--- START ---

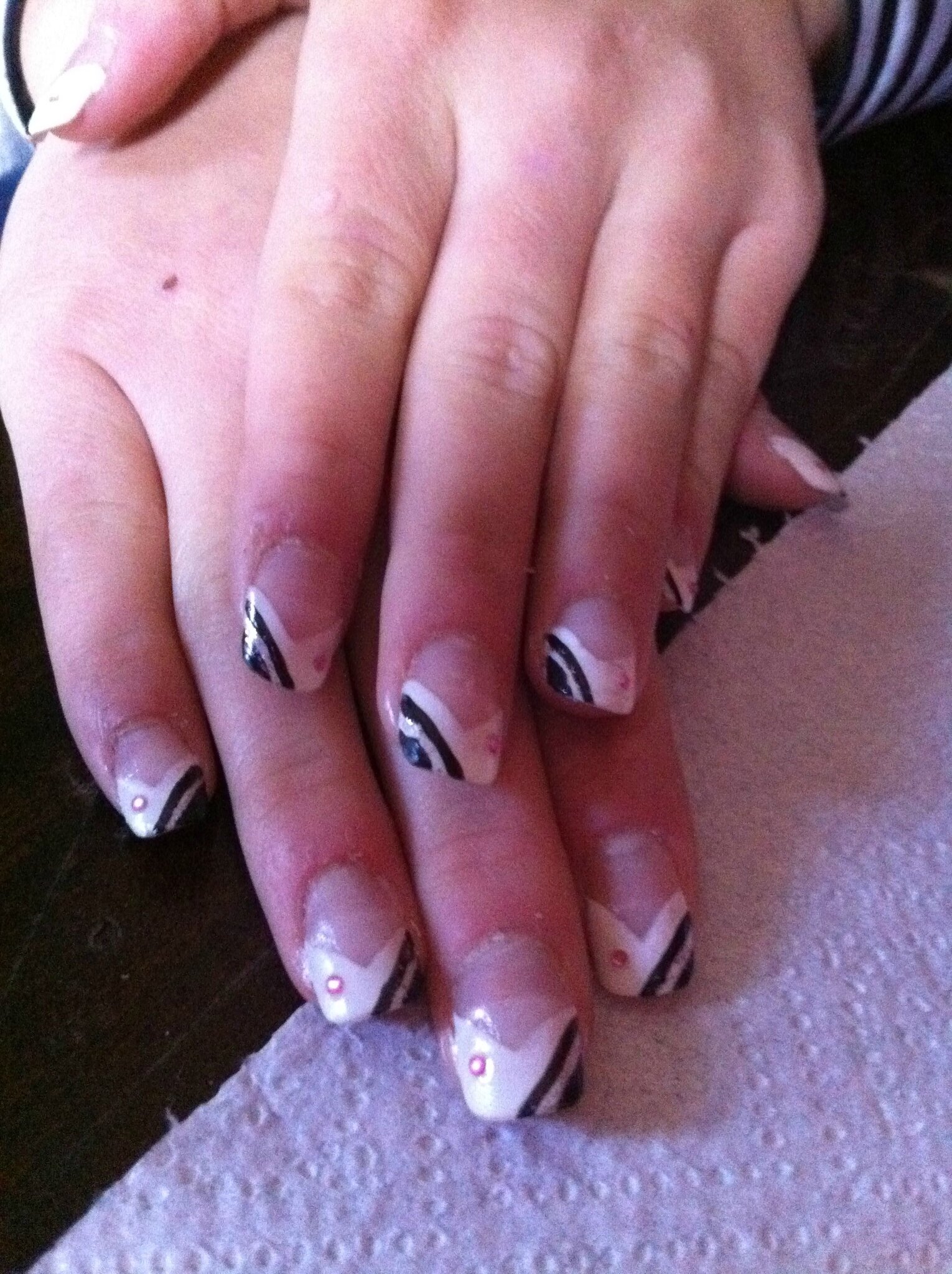 MES POSE ET NAIL ART LES ONGLES DE LILOU LILA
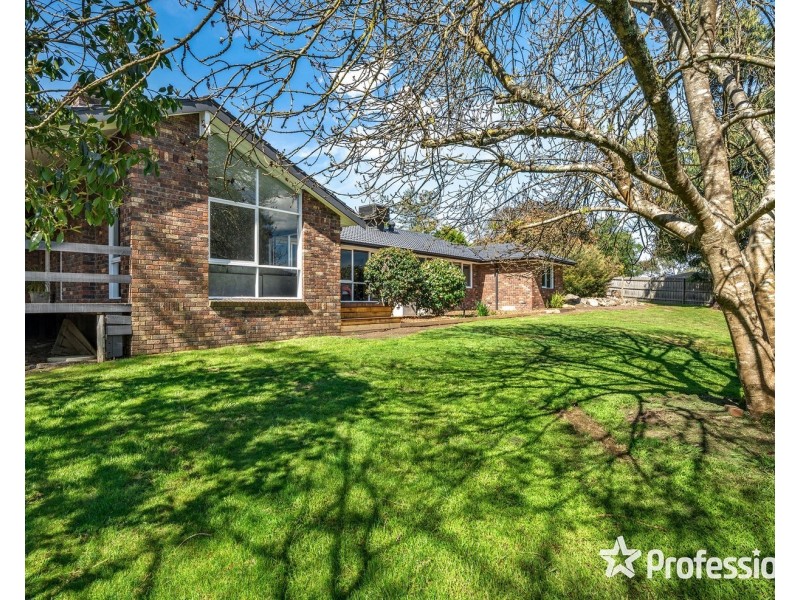33 Forge Road, Mount Evelyn VIC 3796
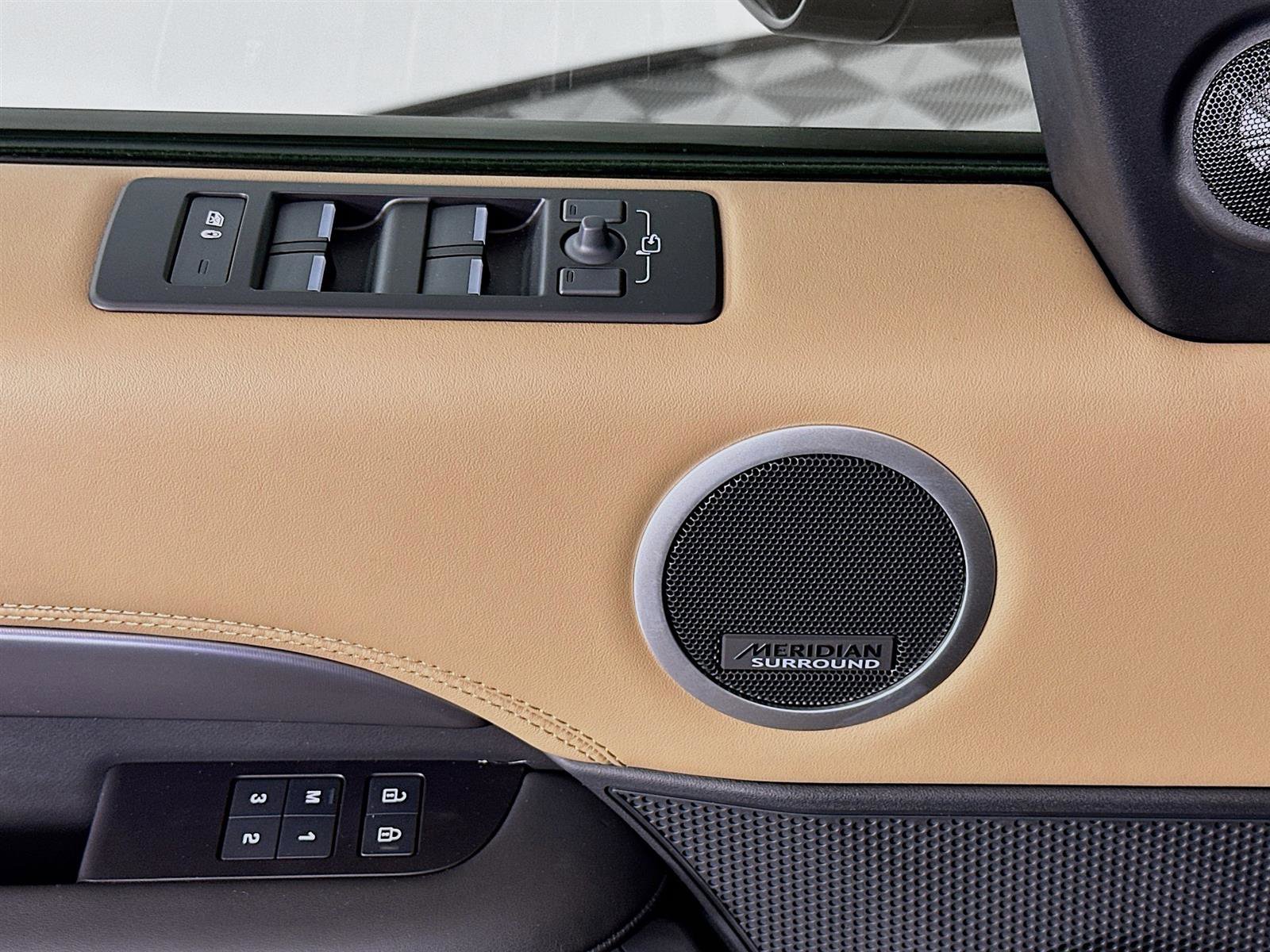 2025 Land Rover Discovery Metropolitan Edition photo 18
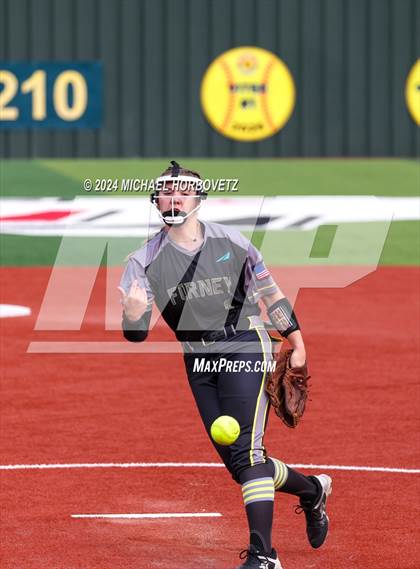 Thumbnail 3 in Melissa vs. Forney (UIL 5A Softball Regional Final) photogallery.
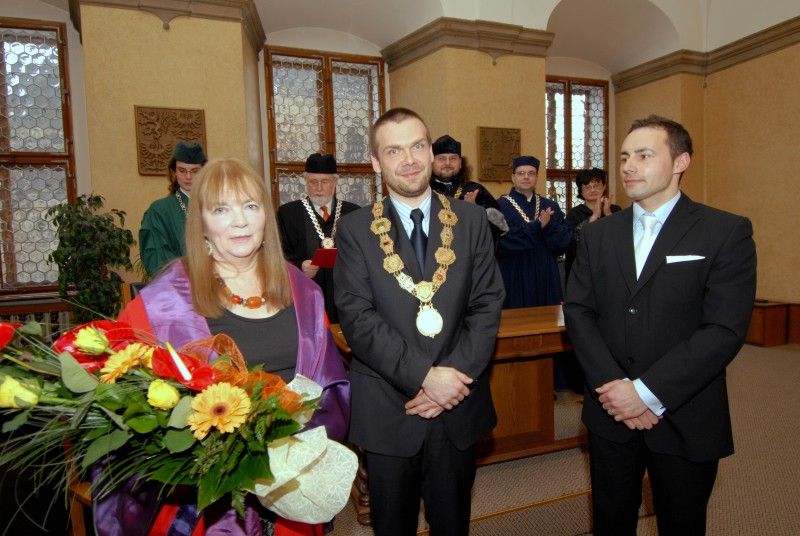 Historická pečeť města Plzně pro světově uznávanou antropoložku Judith Okely. Judith Okely byla jako vůbec první žena přijata do Oxfordské unie, nejprestižnější britské debatní společnosti. V kontextu společenských věd je vyzdvihována za to, že jako první uskutečnila antropologický terénní výzkum ve vlastní společnosti. V oboru, který se do té doby věnoval takřka výhradně studiu tzv. domorodých a exotických společností tak předznamenala zásadní obrat. Její slavné výzkumy britských Travellerů-Cikánů položily základ antropologie Evropy, která se v současnosti rozvíjí nejen v západní, ale i ve střední a východní části tohoto kontinentu. V neposlední řadě proslula pronikavými interpretacemi díla francouzské myslitelky Simone de Beauvoir a výzkumem vizuální kultury ve francouzské Normandii.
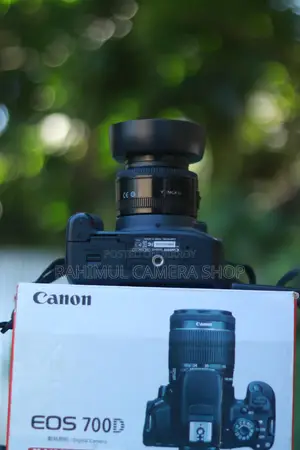 Canon 700D with 50mm prime lens 1.8 supper fresh, box condition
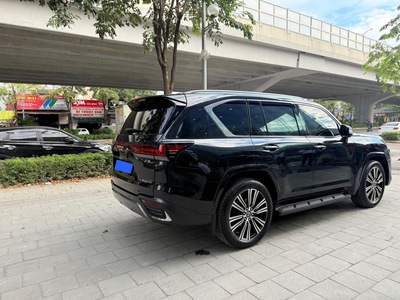 Bán Lexus LX600 Urban 7 chỗ,sản xuất 2023, lăn bánh 8000 Km xe như mới 4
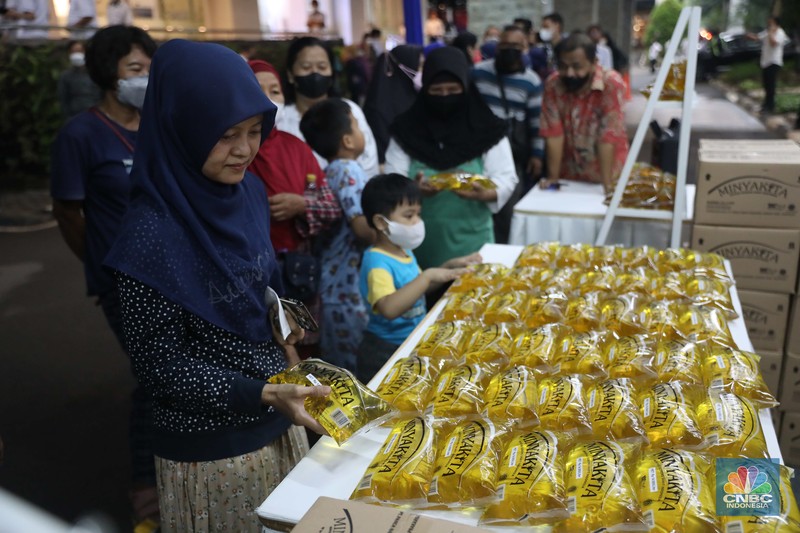 Menteri Perdagangan Zulkifli Hasan saat peluncuran minyak goreng kemasan rakyat (Minyakita) Menteri Perdagangan Zulkifli Hasan saat peluncuran minyak goreng kemasan rakyat (Minyakita) di Kementerian Perdagangan, Jakarta, Rabu (6/7/2022). (CNBC Indonesia/ Muhammad Sabki)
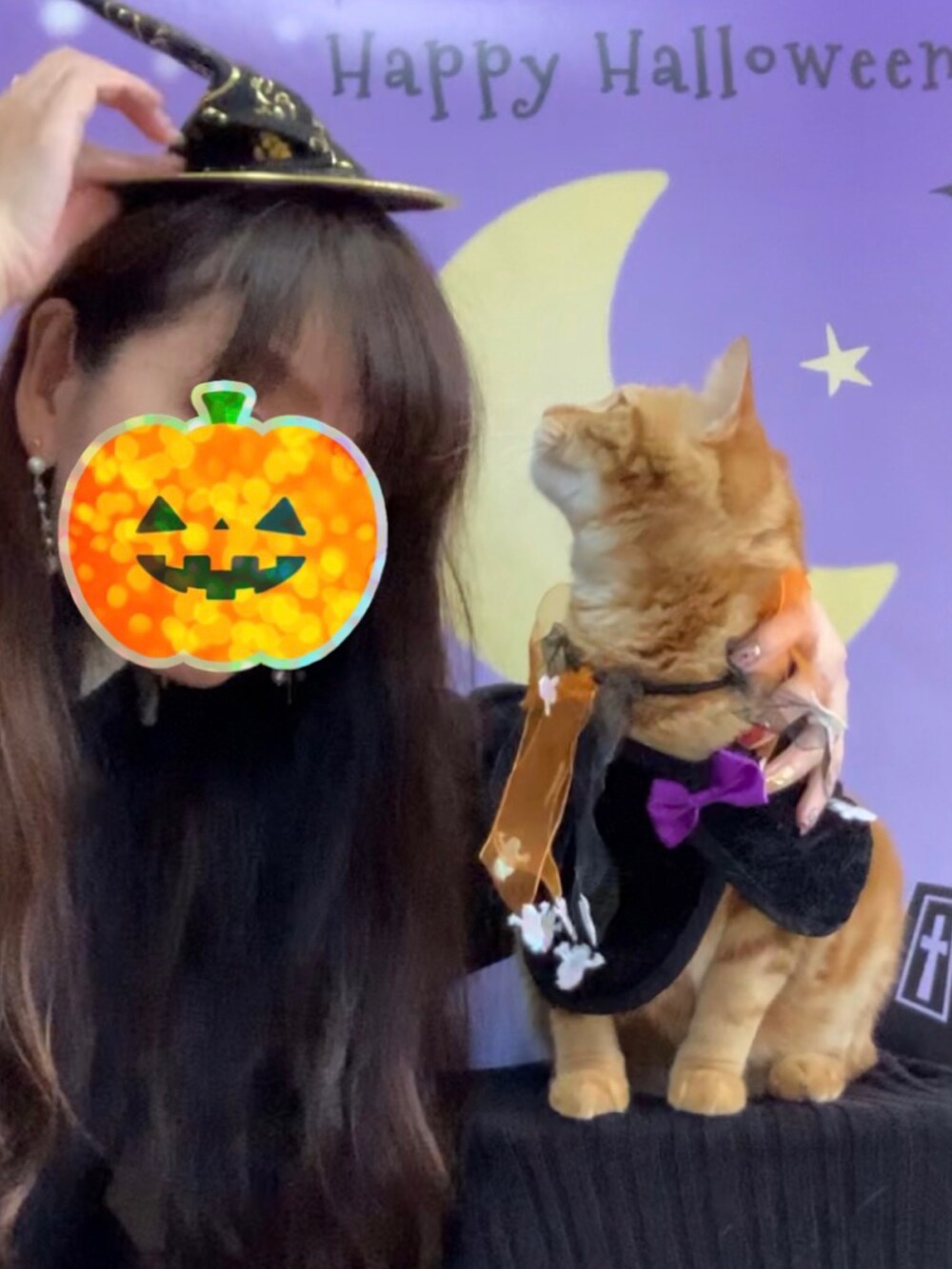 「wearhalloween2021、愛猫、ハロウィン、セリア」｜「セリアのアイテム（ペットグッズ、ブラック系）」を使った、hito さん（レディース・164cm）の秋コーディネートの3枚目の写真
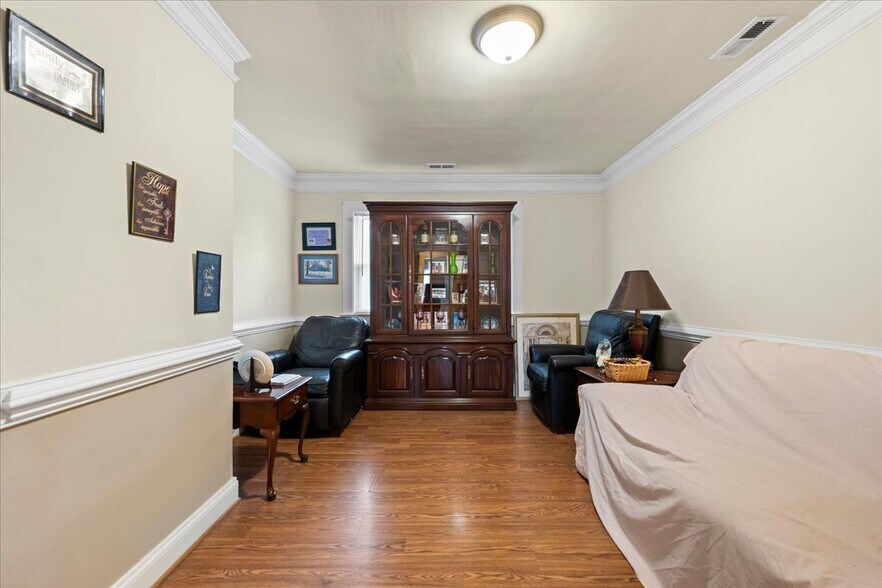 More Photos Of 1911 Dixon St, Fredericksburg Freestanding For Sale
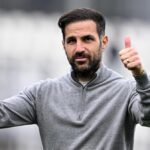 como,-fabregas-allontana-i-rumor:-“io-in-un’altra-squadra-italiana?-la-vedo-difficile”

--- END ---

* [DESCRIPTION OF THE TASK] Give back exactly, and only, the lines from the one holding "Canon 700D with" through the last line of the entries, with every picture omitted.

* [YOUR SOLUTION]
 Canon 700D with 50mm prime lens 1.8 supper fresh, box condition
 Bán Lexus LX600 Urban 7 chỗ,sản xuất 2023, lăn bánh 8000 Km xe như mới 4
 Menteri Perdagangan Zulkifli Hasan saat peluncuran minyak goreng kemasan rakyat (Minyakita) Menteri Perdagangan Zulkifli Hasan saat peluncuran minyak goreng kemasan rakyat (Minyakita) di Kementerian Perdagangan, Jakarta, Rabu (6/7/2022). (CNBC Indonesia/ Muhammad Sabki)
 「wearhalloween2021、愛猫、ハロウィン、セリア」｜「セリアのアイテム（ペットグッズ、ブラック系）」を使った、hito さん（レディース・164cm）の秋コーディネートの3枚目の写真
 More Photos Of 1911 Dixon St, Fredericksburg Freestanding For Sale
 como,-fabregas-allontana-i-rumor:-“io-in-un’altra-squadra-italiana?-la-vedo-difficile”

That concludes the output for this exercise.